Luckily, I happen to know that Triumph Gentlemen’s Bicycles, even if they sport a suspect name such as Gloria, were always made ‘by men, for men.’

The Triumph publicity department proudly announced in its advertising (below) that their products were built by ‘skilled male mechanics only.’

A skilled workman is just as incapable of producing inferior work as an unskilled one of producing good work. Here is the reason for the difference between Triumph bicycles and others. Triumphs are built as no other bicycles – in a MODEL FACTORY by SKILLED MALE MECHANICS ONLY. There is nothing cheap about a Triumph.

Triumph did not trust women in their factory!



As you can see from the pictures, this Gloria is a glorious machine, in original unrestored condition, with the patina one might expect from over eighty years of existence.
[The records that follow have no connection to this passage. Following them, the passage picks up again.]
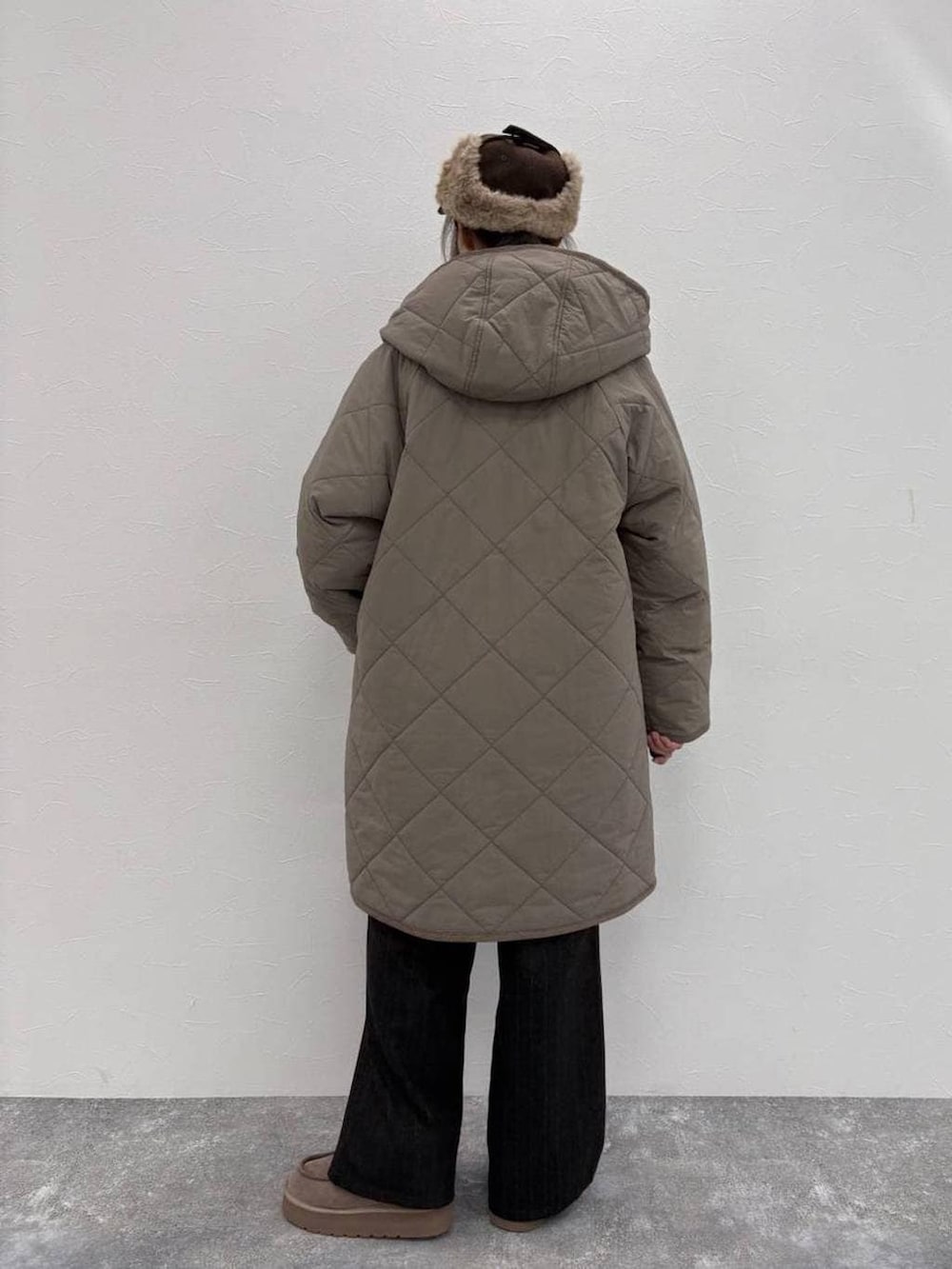 グレー系のブーツ、ブラウン系のダウンジャケット/コート、グレー系のスラックスを着用したレディースの冬コーディネートの3枚目の写真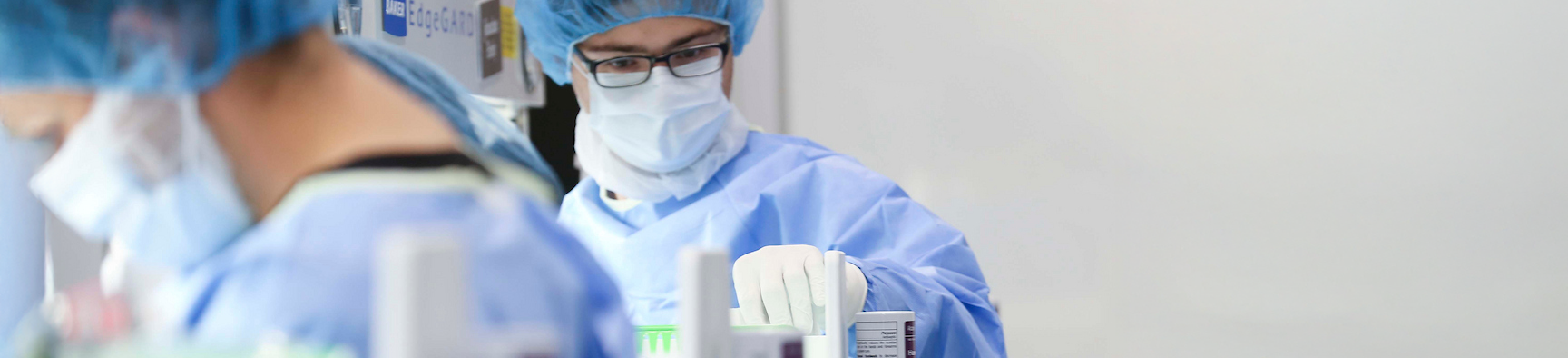 Photo of UNT Health's students wearing protective gear and masks work with laboratory research equipment in a pharmacy lab Top horizontal narrow cropped photo banner of UNT Health's students wearing protective gear and masks work with laboratory research equipment in a pharmacy lab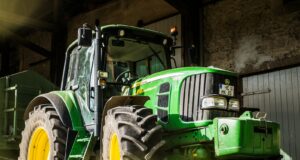 green and yellow tractor in garage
This Roadster boasts a full complement of accessories: dynamo, lights, bell, rear carrier, reflector, bag, inflator pump, as well as the piece de resistance …a 1931 penny.





Conveniently, the headlight has an arrow on it to show you which way to go 🙂

1931_Triumph_Gloria_11 copy



After Gloria Cycles ended – the name being needed to adorn the latest Triumph Gloria automobile range – the ‘Model H Roadster’ style was continued as part of the Triumph model range. Triumph’s cycle business was sold in 1936, and their machines were no longer exclusive. Compare this 1931 Gloria with the 1939 Triumph Model H Tourist illustrated below.


During WW2, Triumph’s Coventry factory was destroyed by German bombs. After the war, trading as Triumph Cycle Co Ltd, the company mainly produced lightweight sports bikes. In common with the rest of British industry postwar, the majority were exported to the USA to help repay the massive American war debts. BSA took over Triumph Cycle Co Ltd in 1951, and BSA’s cycle division was itself taken over by Raleigh in 1956.

From its start, founded by two German immigrants, Triumph was a quality manufacturer. As a result of World War One, Triumph became the world’s leading motorcycle manufacturer. With Marlon Brando astride one after World War 2, Triumph achieved iconic delinquent status.

Cyclists may not be quite as errant as the ‘Wild One’ but, in my mind, whether your machine sports Triumph motorcycle badges or inverted levers of a WW1 era Triumph bicycle, any vintage machine bearing the Triumph name represents a nostalgic reminder of the time when Great Britain was the Number One world superpower.